But of course, this mirrors real life.  We don’t choose to have the skin, complexion, sex, hair, eyes, shape, or attributes we’re born with.  We have some control over some aspects (increasingly even those once thought immutable), but we all learn to deal with the design we’ve been given.  Or we seek to tweak.  There’s a role for games that purposefully inject you in another sex, body, or race as part of a larger narrative or moral goal, but I’m speaking purely about games that pre-design the protagonist primarily as your vehicle for experiencing the game world.

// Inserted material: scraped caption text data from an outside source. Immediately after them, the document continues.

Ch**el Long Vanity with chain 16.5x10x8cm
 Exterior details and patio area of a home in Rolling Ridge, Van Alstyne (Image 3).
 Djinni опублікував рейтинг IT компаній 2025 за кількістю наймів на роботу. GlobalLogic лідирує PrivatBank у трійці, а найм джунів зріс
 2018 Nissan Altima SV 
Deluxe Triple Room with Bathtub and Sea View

Playing modded Skyrim in Roman armor

In the triple experience of gameplay, narrative, and character, I usually gravitate to character the most.  I can forgive a lot of crappy gameplay in good faith (too much grind, clunky mechanics, repetition, etc.).  As a writer, sloppy or clichéd narrative bugs the shit out of me, but to be honest, we don’t turn to games for well-written stories with nuance and depth (although there are some exceptions, such as Bioshock Infinite).  But if a developer puts genuine thought and effort put into customizable player creation, I come back to that game again and again.  It holds meaning for me.

Games I enjoy make this work in a few different ways, both single-player and MMORPGs.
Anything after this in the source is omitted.